Beethoven 5 and 7 from Andrew Manze and the NDR Philharmonie

Beethoven isn’t my go-to composer. Never has been.

There’s nothing wrong per se about the man’s music. There is melody. There’s drama. In his symphonic works especially the textures in his orchestral writing are highly satisfying.

The problem is (or maybe it’s not a problem) I admire the creative achievement in the same way I admire a beautiful woman: I see it (her/them/they), I just don’t respond to it.

This odd position on Beethoven’s music (some would say contrary) is not fuelled by my usual resistance to hype of the kind we’re no doubt going to experience when Beethoven 250 gets into full swing this year. Sure, I’m curmudgeonly and despise following a herd of sheep. No. this is because there’s a hint of Beethoven leaving me cold.

But. This.

Tasty cover design; tasty typeface; brilliant music making.

Andrew Manze conducts Beethoven’s 7th symphony with the NDR Philharmonie in a release out last Friday. And it may possibly be a recording which helps me determine my ‘way in’ for appreciating Beethoven, if not actually responding to him emotionally.

Manze’s career is quite something. Back in the early days of my short-lived arts admin career, Manze was powerful force in the world of historically informed performance, in 1996 asssuming the associate directorship of the Academy of Ancient Music.

At that time there was an implicit assumption that this was the world Manze would continue to inhabit because of his in-depth knowledge, expertise and resulting reputation.

His appointment as Principal Guest Conductor of the Royal Liverpool Philharmonic Orchestra for the 2018/19 season threw light on a career I had overlooked.

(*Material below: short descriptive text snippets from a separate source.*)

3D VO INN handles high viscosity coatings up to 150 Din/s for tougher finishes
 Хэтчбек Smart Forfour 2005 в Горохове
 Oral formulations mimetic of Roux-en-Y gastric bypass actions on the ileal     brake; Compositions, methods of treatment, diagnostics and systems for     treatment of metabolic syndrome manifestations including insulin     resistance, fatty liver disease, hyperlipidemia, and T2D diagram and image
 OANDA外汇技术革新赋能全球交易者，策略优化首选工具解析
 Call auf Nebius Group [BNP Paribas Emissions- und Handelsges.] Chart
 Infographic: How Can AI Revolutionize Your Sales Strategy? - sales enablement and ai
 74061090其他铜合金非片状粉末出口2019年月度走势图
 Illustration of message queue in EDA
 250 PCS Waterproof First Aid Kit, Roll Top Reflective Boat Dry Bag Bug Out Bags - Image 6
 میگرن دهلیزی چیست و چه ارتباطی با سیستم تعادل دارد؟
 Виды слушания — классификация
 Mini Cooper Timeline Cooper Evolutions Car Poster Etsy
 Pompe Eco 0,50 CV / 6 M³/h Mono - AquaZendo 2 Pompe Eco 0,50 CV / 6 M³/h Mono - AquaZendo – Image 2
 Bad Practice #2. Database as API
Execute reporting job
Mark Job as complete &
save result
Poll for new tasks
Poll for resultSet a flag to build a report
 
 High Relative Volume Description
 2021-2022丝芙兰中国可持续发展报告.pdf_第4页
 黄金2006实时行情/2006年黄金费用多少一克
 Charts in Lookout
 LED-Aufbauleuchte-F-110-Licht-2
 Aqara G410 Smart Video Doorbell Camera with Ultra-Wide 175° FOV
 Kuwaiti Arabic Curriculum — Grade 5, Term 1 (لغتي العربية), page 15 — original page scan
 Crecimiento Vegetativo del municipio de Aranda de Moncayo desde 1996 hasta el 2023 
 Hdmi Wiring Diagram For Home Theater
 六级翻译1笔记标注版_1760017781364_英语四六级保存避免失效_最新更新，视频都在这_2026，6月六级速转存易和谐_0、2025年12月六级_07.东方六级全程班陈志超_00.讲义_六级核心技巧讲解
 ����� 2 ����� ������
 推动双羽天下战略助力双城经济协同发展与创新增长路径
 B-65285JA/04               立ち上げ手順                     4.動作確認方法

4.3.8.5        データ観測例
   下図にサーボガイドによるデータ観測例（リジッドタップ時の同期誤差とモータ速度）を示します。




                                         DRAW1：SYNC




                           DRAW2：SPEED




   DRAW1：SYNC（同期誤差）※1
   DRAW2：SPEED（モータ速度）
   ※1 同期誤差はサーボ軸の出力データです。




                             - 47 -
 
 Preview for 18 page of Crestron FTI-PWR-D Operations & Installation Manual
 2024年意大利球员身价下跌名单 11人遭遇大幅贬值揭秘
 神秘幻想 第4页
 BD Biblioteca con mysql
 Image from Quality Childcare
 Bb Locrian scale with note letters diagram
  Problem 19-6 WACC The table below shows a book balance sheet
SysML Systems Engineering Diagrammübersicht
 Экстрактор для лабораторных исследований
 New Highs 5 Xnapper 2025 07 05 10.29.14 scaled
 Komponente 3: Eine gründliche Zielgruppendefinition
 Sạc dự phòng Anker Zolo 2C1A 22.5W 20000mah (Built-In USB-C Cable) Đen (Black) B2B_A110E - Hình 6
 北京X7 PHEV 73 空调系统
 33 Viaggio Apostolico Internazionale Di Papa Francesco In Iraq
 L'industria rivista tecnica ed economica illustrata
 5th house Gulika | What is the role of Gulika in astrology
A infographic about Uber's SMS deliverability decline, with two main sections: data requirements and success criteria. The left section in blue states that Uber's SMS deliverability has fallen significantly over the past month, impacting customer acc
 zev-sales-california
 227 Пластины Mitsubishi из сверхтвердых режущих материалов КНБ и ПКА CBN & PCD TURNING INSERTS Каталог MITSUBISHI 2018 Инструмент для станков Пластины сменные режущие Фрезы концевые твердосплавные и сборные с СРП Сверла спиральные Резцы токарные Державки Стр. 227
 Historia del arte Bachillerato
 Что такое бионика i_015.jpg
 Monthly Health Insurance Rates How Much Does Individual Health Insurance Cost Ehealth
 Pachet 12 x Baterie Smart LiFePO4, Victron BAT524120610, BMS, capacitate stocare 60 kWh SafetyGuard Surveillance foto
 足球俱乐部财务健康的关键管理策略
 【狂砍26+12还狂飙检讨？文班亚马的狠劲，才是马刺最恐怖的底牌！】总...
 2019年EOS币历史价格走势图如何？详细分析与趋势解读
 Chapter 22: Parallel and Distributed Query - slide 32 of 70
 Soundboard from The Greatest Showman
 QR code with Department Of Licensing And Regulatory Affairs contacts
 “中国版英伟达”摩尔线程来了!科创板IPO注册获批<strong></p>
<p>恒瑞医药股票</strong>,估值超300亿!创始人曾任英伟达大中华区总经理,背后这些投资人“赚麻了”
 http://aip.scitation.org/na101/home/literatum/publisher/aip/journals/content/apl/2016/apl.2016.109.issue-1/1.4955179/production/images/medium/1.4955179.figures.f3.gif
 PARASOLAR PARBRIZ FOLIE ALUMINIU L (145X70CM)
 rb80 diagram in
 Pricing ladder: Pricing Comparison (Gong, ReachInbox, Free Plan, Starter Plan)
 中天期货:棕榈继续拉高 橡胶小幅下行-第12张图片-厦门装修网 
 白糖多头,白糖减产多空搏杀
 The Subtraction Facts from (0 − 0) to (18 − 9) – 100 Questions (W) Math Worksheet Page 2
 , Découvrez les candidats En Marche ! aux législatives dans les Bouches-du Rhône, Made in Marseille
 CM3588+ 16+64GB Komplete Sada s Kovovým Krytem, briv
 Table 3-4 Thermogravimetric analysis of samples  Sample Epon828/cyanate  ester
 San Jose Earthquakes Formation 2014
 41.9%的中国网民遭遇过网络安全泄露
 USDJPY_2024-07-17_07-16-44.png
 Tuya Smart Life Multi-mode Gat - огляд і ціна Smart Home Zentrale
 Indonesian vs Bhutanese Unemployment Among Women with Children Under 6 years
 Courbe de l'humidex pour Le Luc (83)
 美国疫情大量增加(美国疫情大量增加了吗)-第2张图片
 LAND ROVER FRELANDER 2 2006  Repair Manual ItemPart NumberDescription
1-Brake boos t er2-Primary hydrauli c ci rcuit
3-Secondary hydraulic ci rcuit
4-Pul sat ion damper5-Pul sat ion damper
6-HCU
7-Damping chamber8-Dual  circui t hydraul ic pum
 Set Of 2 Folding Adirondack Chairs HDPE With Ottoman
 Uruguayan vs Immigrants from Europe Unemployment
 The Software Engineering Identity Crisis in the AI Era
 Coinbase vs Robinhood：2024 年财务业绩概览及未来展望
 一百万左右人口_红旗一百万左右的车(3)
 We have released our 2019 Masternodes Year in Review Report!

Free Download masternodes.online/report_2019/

One which on closer inspection reveals a seamless and early transition from baroque to full-scale symphony orchestras in a relatively short space of time: 2006 working with the Helsingborg Symphony; 2008 with the Norwegian Radio Symphony; four seasons with the BBC Scottish; plus a whole host of guest spots with international bands to boot.

I think I can detect his historically informed roots in many of his subsequent symphony orchestra recordings. I hear a drier, tauter, earthier string sound thoroughout the first movement of his Beethoven 3 with Helsingborg. In fact, the strings in the second movement especially in the oh-so-quiet sections are a thing to behold – a kind of delicate precision that makes me think the idea of which can only have originated from those ‘authentic performance’ days.

And bringing out instrumental voices normally lost in the mush of a romantic sound can only be something that draws on his historically informed performance days (the opening movement of Brahms 1 on CPO from 2012 with Helsingborg features a bassoon line like I’ve never heard in Brahms’ epic symphony).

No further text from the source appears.